Programming Languages
Computer programming is the process of writing, testing and maintaining computer programs that carry out tasks on behalf of a human user (or sometimes, on behalf of other programs or hardware devices). The program's source code is written using a specific programming language, and the person who writes the program is called a programmer.
The programmer must have specialist knowledge of the programming language being used and the computing environment in which it operates, as well as at least some domain knowledge relating to the activities of the business or organisation for which the program is being written. The aim of the programmer is to produce effective, efficient and maintainable software.
Throughout recorded history, various methods have been devised for making mechanical devices carry out a series of actions in the required order. About the only thing many of these methods have in common is that the sequence of actions required was stored in some way. During the nineteenth century, for example, cards with holes punched into them in a predetermined pattern were used to control the operation of various mechanical devices used in the textile industry.

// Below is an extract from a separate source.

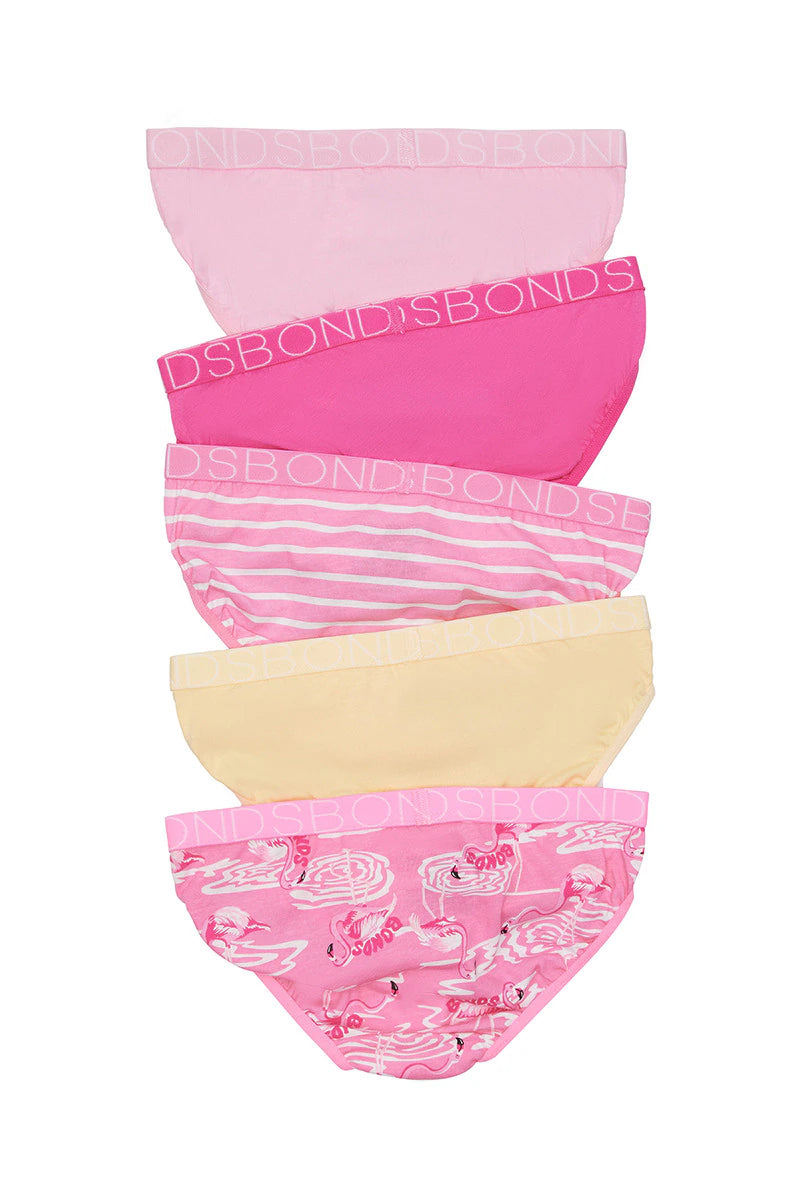 Bonds Girls Bikini 5 Pack - Felicity Flamingo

One of the best known examples is the Jacquard loom, a mechanical loom, invented by Joseph Marie Jacquard in 1801 that simplified the manufacture of textiles with complex patterns. Another pioneer in the history of programming was Herman Hollerith, whose tabulator machines were used by the Census office of the United States to tabulate the results of the 1890 census
Although the version of Hollerith's machine used in 1890 was not programmable, later versions were equipped with a control panel that allowed the machine to be set up to carry out a range of different tasks. Hollerith's Tabulating Machine Company (which he founded in 1896) later merged with three other companies to become the Computing Tabulating Recording Corporation. The company was renamed as the International Business Machines Corporation (IBM) in 1924.
The first programmable computer to be designed (although it was never actually completed) is thought to be the Analytical Engine conceived in 1835 by Charles Babbage and intended to be used for solving general computational problems. In this endeavour, Babbage was assisted by Lady Ada Lovelace, who is today widely regarded as the first computer programmer. She is believed to have introduced many programming concepts still in use to this day, including the use of loops to handle repetitive tasks, and the use of subroutines that can be called from anywhere within a program.
The first programmable electro-mechanical computer was built in Germany in 1941 by Konrad Zuse, although its significance seems to have been overlooked by the German military.
During the 1940s, a number of other computer scientists began to develop the idea of stored-program computers in which both program instructions and data could be stored in the computer's memory. A 1936 paper by the mathematician Alan Turing had described such a machine. Turing went on to publish detailed design specifications for a stored-program computer in 1946, but a paper published by John Von Neumann in 1945 was more widely circulated and consequently received far more attention.
Existing computer systems like the Colossus computer used by the British during the war to decipher German military codes, and the ENIAC computer used after the war by the Americans to develop the hydrogen bomb, had been programmed by setting switches and hard-wiring data and control signal paths.
Von Neumann's paper described a computer system in which the processing unit retrieved program instructions and data from a common storage area (memory), into which different programs and data could be loaded depending on what computational task the computer was to carry out. The computer architecture outlined in Von Neumann’s work became known as the "Von Neumann architecture", and is illustrated below.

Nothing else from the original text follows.